Reconnaît-il les faits, demande le juge. Désormais oui, maintenant qu’il a « pris conscience » de ce qu’il a fait, affirme David. Le 14 septembre 2023, en début d’après-midi, Madame T. quitte un restaurant et traverse le pont de Gennevilliers, lorsqu’elle est menacée avec une arme de poing par un homme qui lui demande son sac à main. Elle refuse d’abord, l’homme lui assène un coup de crosse, prend le sac et s’enfuit. Un coup de feu est parti dans la précipitation, sans faire de victime, laissant une douille sur le lieu des faits. L’individu portait un masque chirurgical, mais cela n’empêchera pas la victime de le reconnaître formellement sur planche photographique.

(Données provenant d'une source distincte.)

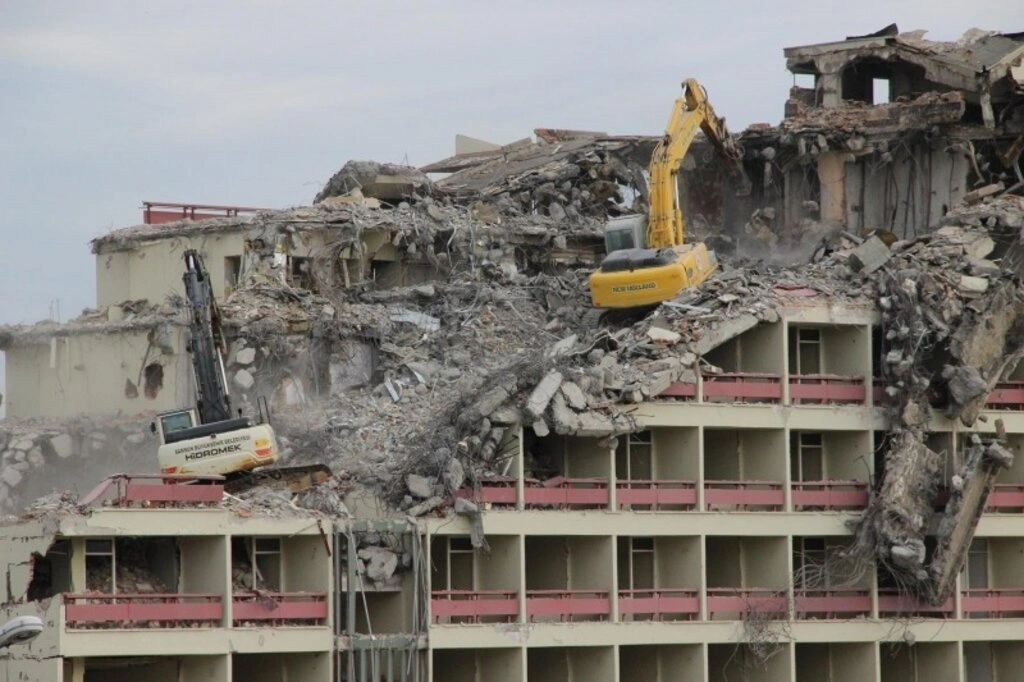 Büyük Samsun oteli yıkım çalışması - Resim 20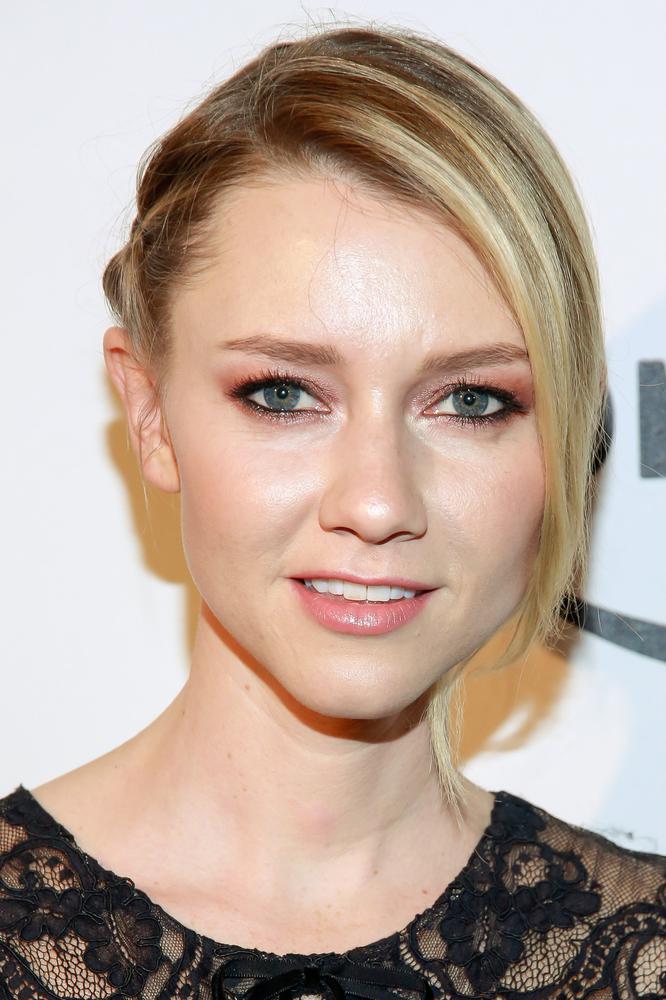 Valorie Curry Actress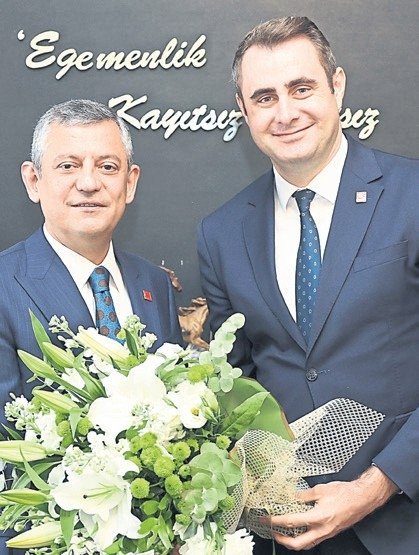 chpde-ilk-nester-izmire-cagatay-gucun-bileti-kesildi-1781211581871.jpeg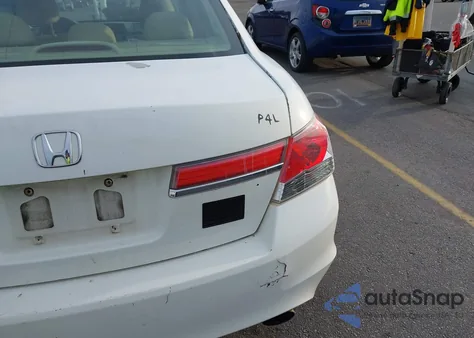 2011 Honda Accord 2.4 Ex-L from USA, damaged, VIN 1HGCP2F83BA003782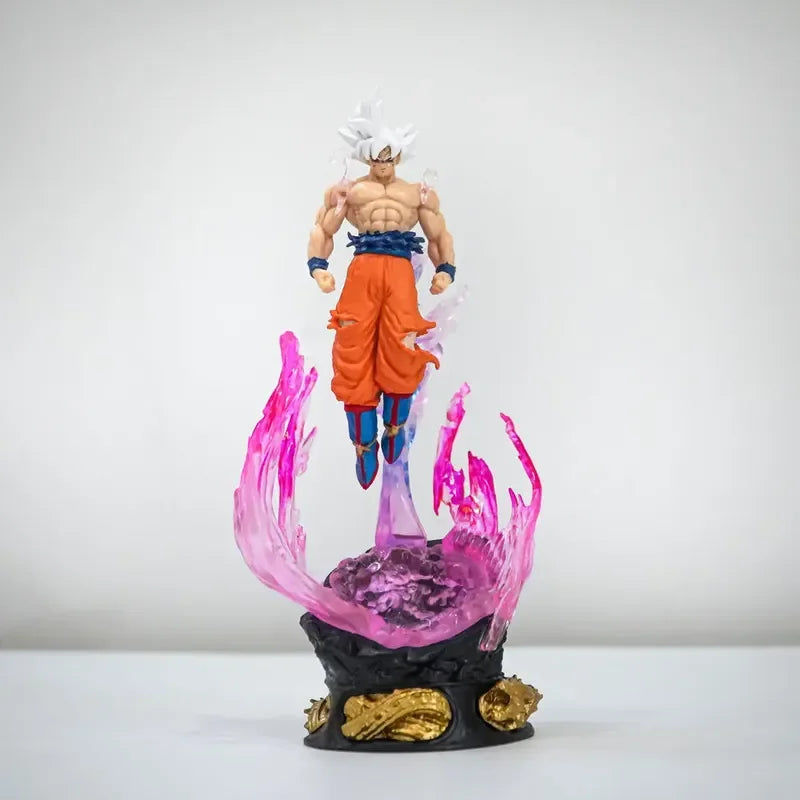 "Dragon Ball Z Goku Ultra Instinct 25cm Light-Up Figure"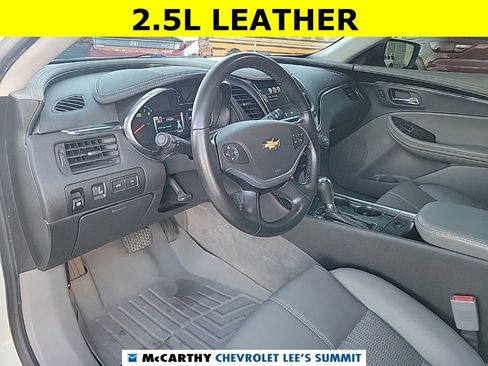 Used 2014 Chevrolet Impala LT w/ Convenience Package image 24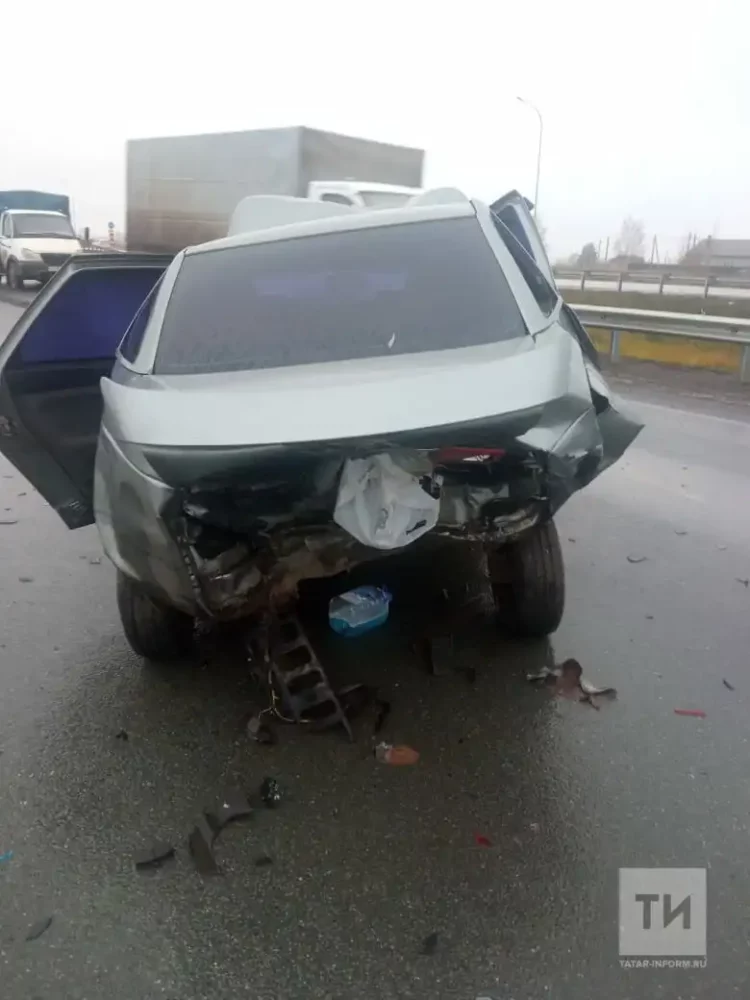 Водитель отечественной легковушки пострадал в массовом ДТП под Челнами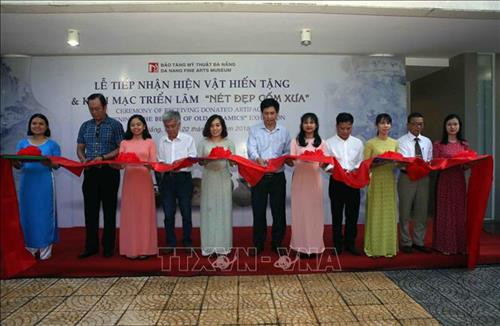 Đại biểu cắt băng khai mạc triển lãm “Nét đẹp gốm xưa”. Ảnh: Trần Lê Lâm - TTXVN Đại biểu cắt băng khai mạc triển lãm “Nét đẹp gốm xưa”. Ảnh: Trần Lê Lâm - TTXVN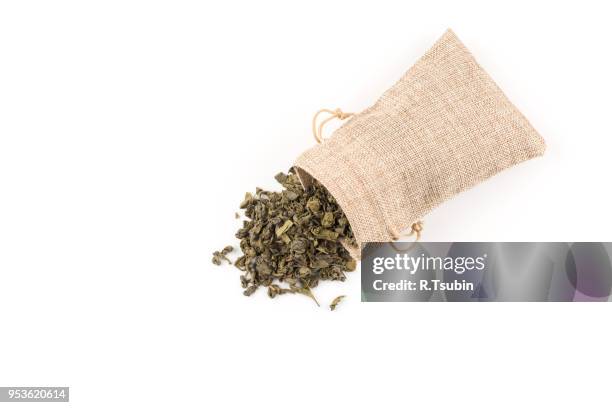 Green Tea Stack Stack Of Tea Bags Photos et images de collection - Getty Images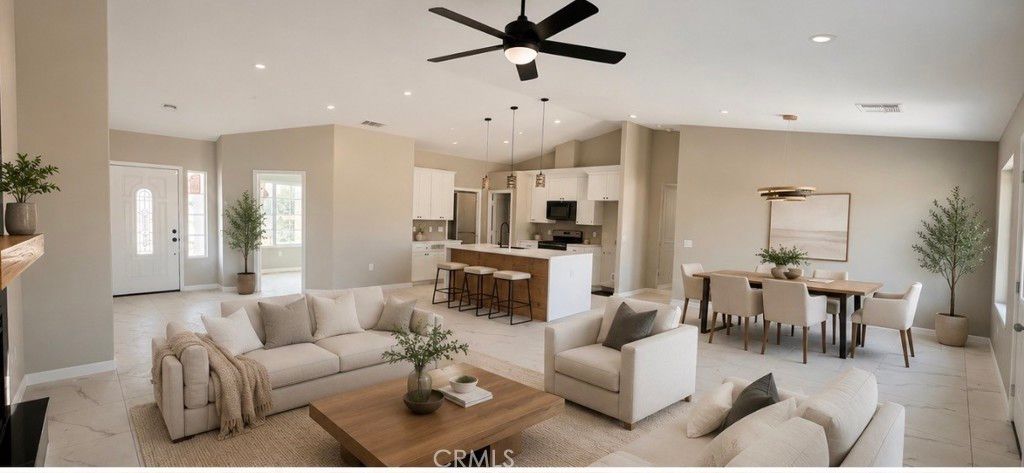 Image 4 of property listing at 15155 Pocahantas Street, Apple Valley, CA 92307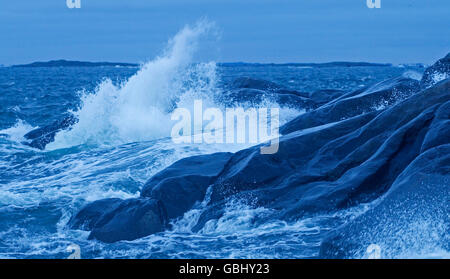 Scogliere rocciose del Kokar isola, nelle Isole Aland, Finlandia. Foto Stock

Une photo de la carte bancaire de Madame T. est retrouvée dans le portable de David. La douille porte ses empreintes. Sur les caméras de surveillance d’un Franprix tout proche, les enquêteurs distinguent les jambes d’un individu portant un jogging blanc avec empiècement. Le jeune homme est placé en garde-à-vue. Une facture d’une armurerie de Saint-Ouen datant de la veille des faits est retrouvée chez lui, de même que le jogging en question lors de la perquisition. David est entendu, il affirme faire de l’achat et de la vente d’armes.
« Comment un jeune homme de votre âge est amené à commettre cet acte-là ? »
« Ces investigations, vous n’imaginez pas le coût que cela représente pour la société », insiste le juge. « Je ne vais pas m’énerver, je ne vais pas vous faire la morale, mais les faits sont extrêmement graves et auraient pu vous emmener vers d’autres juridictions. Comment un jeune homme de votre âge est amené à commettre cet acte-là ? Il va falloir qu’on comprenne. » David bredouille, toujours de sa voix très grave, qu’il ne sait pas ce qui lui est passé par la tête. « C’est tombé sur Madame, j’avais juste l’intention de lui faire peur. Le coup est parti tout seul. »
Quant aux raisons, il avance l’argent, le souhait de financer son permis. « Toutes les personnes qui ont besoin d’argent ne braquent pas, vous êtes d’accord pour dire que c’est grave ? » Le jeune prévenu acquiesce.
– « Cette gravité des faits, elle ne vous arrête pas, on parlera aussi du fait de posséder une arme. Vous aviez conscience que vous pouviez tuer quelqu’un, de l’extrême violence que vous imposez ?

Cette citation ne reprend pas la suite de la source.